The business owners in Deal, Kent, expect their bills to be five times as much next year.
LeicestershireLive reports that after the new year the couple expect their gas and electric bills to rocket more than five times than they are currently paying.
And to keep up with the rising energy prices, Chris calculated their £2.90 latte would have to shoot up to £14.30 a cup.
He said: “We are already down, despite a reasonably busy summer. We’re noticing empty seats because people are staying home when they don’t have as much money to spend.”
When the couple’s electricity contract runs out at the end of this year, new quotes take the price from £15,000 per year to around £69,000.
At the end of February their gas contract will also need to be renewed – with the new quote set to take them from around £400 per month to around £2,400.
According to Chris’ calculations, raising the price of their £2.90 latte by the same amount as their bills increase, would take a coffee to £14.30.
He said: “If we accepted that contract with that quote, that would be business suicide.”
Chris says while the PM has introduced the cap on energy for households, as a business owner he is left confused about what to do.
He hopes help will come to make it possible for the business to stay afloat and continue paying 25 staff members.

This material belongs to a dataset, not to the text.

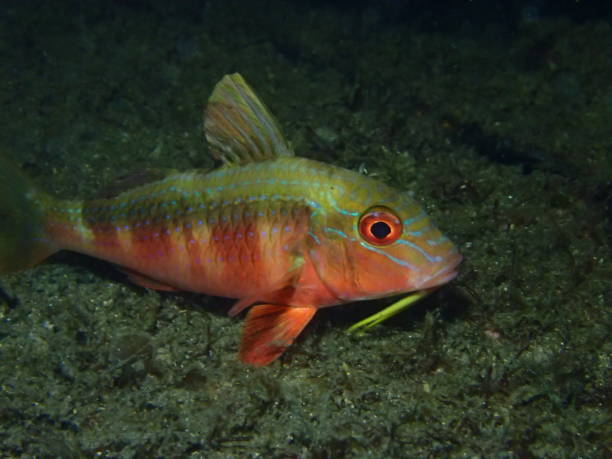 istock Goat fish on sea floor 1367935853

But he has yet to sign any new contract for next year when his current gas and energy contracts are expected to be renewed.
And he has not signed up for anything so far because he can’t find anything he can afford.
He said: “There’s not really a lot of information for us out there.
“I can’t pay extortionate bills. It’s not possible. We struggle to make ends meet every month and have to go into our overdraft to pay the bills and our staff wages.
“It’s really hard. We’ve lost a lot of sleep over it.”
Earlier this week The Mirror reported how an “Energy Price Guarantee” to limit how much households in Britain will pay for their energy will come into effect from October 1.
Liz Truss pledged households will “now pay up to an average £2,500 a year on their energy bill for the next two years.”
That includes a £400 per household Energy Bill Support Scheme already announced, with green levies of around £150 also being temporarily removed.
Ms Truss said the move would save the average household in England, Wales and Scotland at least £1,000 a year.